The are aof a triangle with coordinate A (\(A_x\),\(A_y\)), B (\(B_x\),\(B_y\)) and C (\(C_x\),\(C_y\)) can be written as:

area=\(\mod{\frac{A_x(B_y-C_y)+B_x(C_y-A_y)+C_x(A_y-B_y)}{2}}\).

Here one of the coordinates is (0,0). Thus the reduced expression in the explanation.

Here is great tool to vizualize the same.

https://www.mathopenref.com/coordtrianglearea.html

Hi Sandy,

Can we accept in GRE the sign of the co-ordintes donot matter,

As point c (-7,-7) and point B (-3, -4). both of these lies in II quadrant as such both y- coordinates should be positive.

Can you plz enlighten me

Hi Sandy,

It is Question 13 from Quantitative Test 1.
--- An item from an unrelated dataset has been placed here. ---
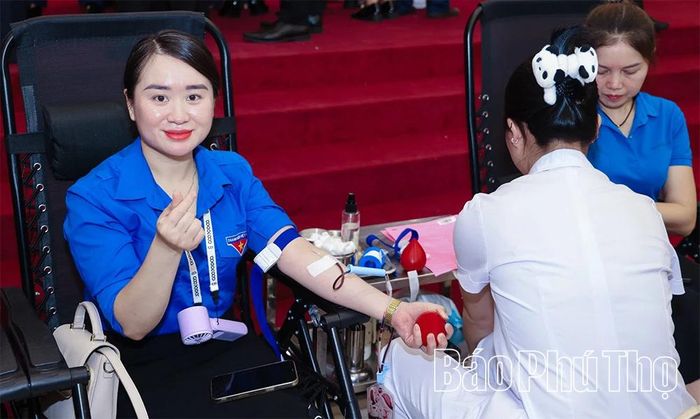 Các tình nguyện viên đều thể hiện tinh thần phấn khởi, tự hào khi được góp phần sẻ chia sự sống với những bệnh nhân đang điều trị tại các cơ sở y tế.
I do not think that just graph is the issue. I think either the coordinates or the options also need to change. Even if we are unable to use the formula you or the explanation gave, we should be able to use Area of a parallelogram = bh and both should give the same result.

Please explain and correct me if my concept is wrong. Thanks!

Area of a parallelogram = bh

Do you mean base \(\times\) height?
If so then that is not a a paralleogram but a rectangle.

Yes Area= base X height. It also says this everywhere. I got it from Barron's book. I also just cross checked using Google. All sources says that Area of a Parallelogram= base X height, where height is at 90 degress with the base.

This question is from coordinate geometry as apposed to regular geometry, so here you cannot use base \(\times\) height. You have to break the paralleogram into two triangle and find the area of each smaller triangle.

This is a tough problem by GRE standards but by no means is it beyond GRE level.

Oh, alright! Did not know that. Is this applicable only for parallelograms or for other geometric figures as well?

Thanks again Sandy!

Here,

Let join the sides from Point C to point G on Y axis and point F on X axis.

The distance from C to G = distance from C to F = 7

The Area of the Square AFCG = \(7^2\) = \(49\)

Point D will be the mirror image of point B and co ordinates of Point D = -4,3

Now let consider the \(\triangle FDA\), \(\triangle FDC\), \(\triangle CGB\) and \(\triangle BGA\)

Area of \(\triangle FDA\) =\(\frac{1}{2}* 7 * 3 = \frac{21}{2}\)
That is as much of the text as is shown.